The Cost of Capital: What does it cost to use OPM (Other People’s Money) to fund real estate investments.

As someone with 7 years of experience in the real estate industry as a private money broker, consultant, adviser and now developer of the REINDEER platform and organization I feel people need to have a better baseline understanding of how capital works. How does OPM work?

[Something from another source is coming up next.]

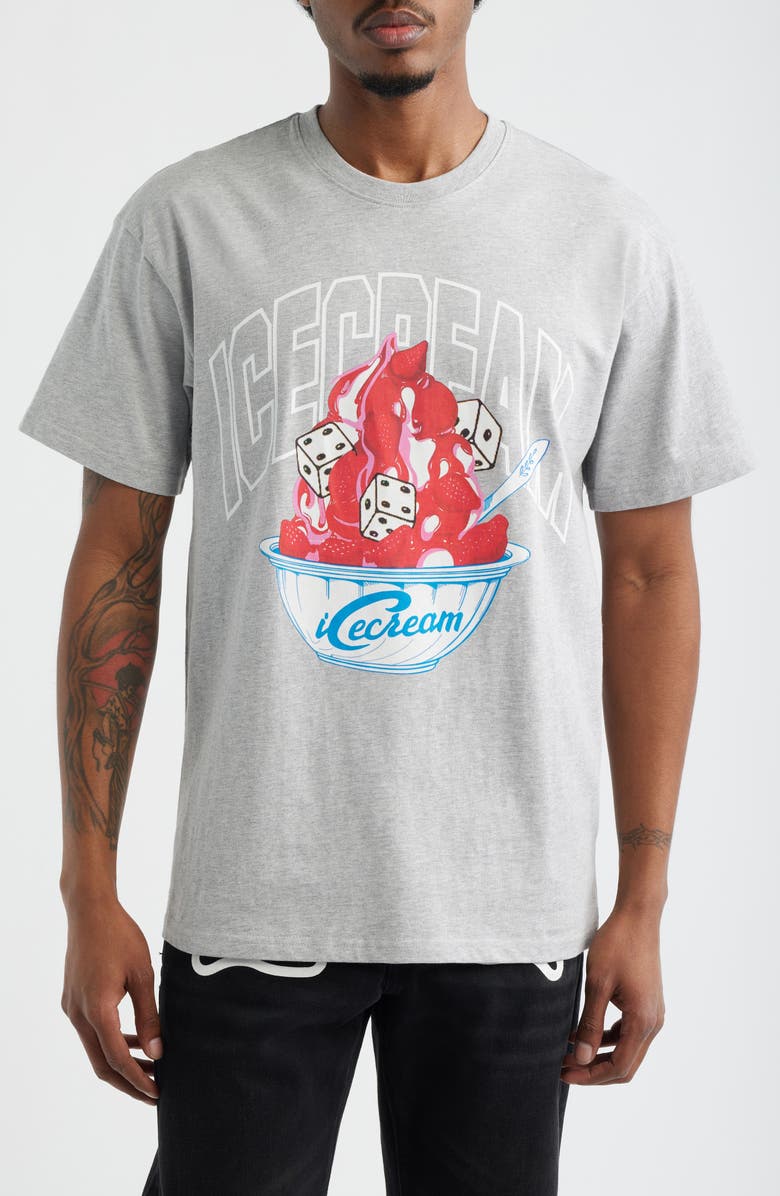 ICECREAM Dice Cotton Graphic T-Shirt, Main, color, Heather Grey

The cost of capital for real estate investors using OPM (Other People’s Money) varies based on several factors, including the type of property, the purpose (flipping or holding for rental), and the sources of financing. Here’s a summary:

1. Flipping Properties

  • Hard Money Loans:
    • Interest Rates: Typically between 10% to 15%.
    • Loan Points: Usually 2% to 4% of the loan amount.
    • Term: Short-term, usually 6 to 12 months.
    • Pros: Quick approval, less stringent credit requirements.
    • Cons: High cost, quick repayment required.
  • Private Money Loans:
    • Interest Rates: Generally range from 6% to 12%.
    • Loan Points: Often 1% to 3%.
    • Term: Flexible, often 6 months to 2 years.
    • Pros: More flexible terms, negotiation potential.
    • Cons: Higher rates compared to traditional financing, relationship-based.

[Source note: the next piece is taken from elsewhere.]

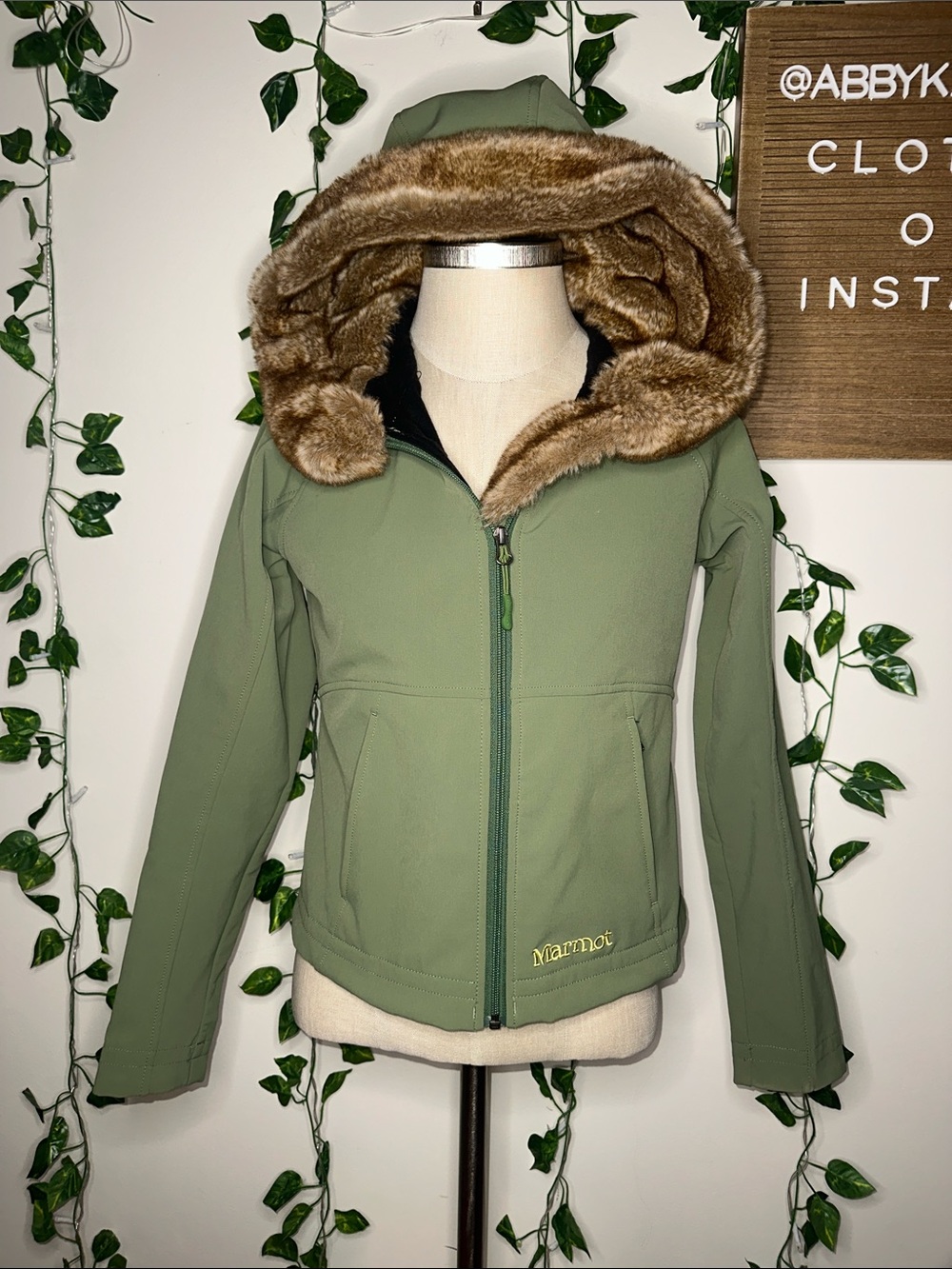 Marmot Furlong Soft Shell Faux Fur Hooded Zip Up Jacket Green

2. Holding Properties for Rentals

  • Traditional Mortgages:
    • Interest Rates: Approximately 4% to 7% for investment properties.
    • Down Payment: Typically 20% to 25%.
    • Term: Long-term, usually 15 to 30 years.
    • Pros: Lower interest rates, longer terms, fixed monthly payments.
    • Cons: Strict credit and income requirements, longer approval process.
  • Commercial Loans:
    • Interest Rates: Around 5% to 8%.
    • Down Payment: Often 20% to 35%.
    • Term: Generally 5 to 20 years.
    • Pros: Suitable for larger properties, can cover mixed-use properties.
    • Cons: Higher rates than residential mortgages, shorter terms.
  • Portfolio Loans:
    • Interest Rates: Typically 5% to 9%.
    • Down Payment: Usually 20% to 25%.
    • Term: Often 3 to 10 years with a balloon payment.
    • Pros: Can finance multiple properties, flexible terms.
    • Cons: Higher rates, balloon payment risk.

Additional Considerations

  • Equity Partnerships:
    • Involves sharing profits with partners in exchange for capital.
    • No fixed interest but profit sharing can be substantial.
  • Crowdfunding:
    • Platforms connect investors with opportunities.
    • Costs include platform fees, typically 2% to 3% of the raised capital, and investor returns.
  • Home Equity Loans/HELOCs:
    • Interest Rates: Typically 4% to 6%.
    • Used by leveraging existing property equity.
    • Pros: Lower interest rates, flexible use of funds.
    • Cons: Risk of losing current property if unable to repay.

Real estate investors should carefully consider the cost of capital, terms, and potential returns before choosing the financing method that best suits their investment strategy.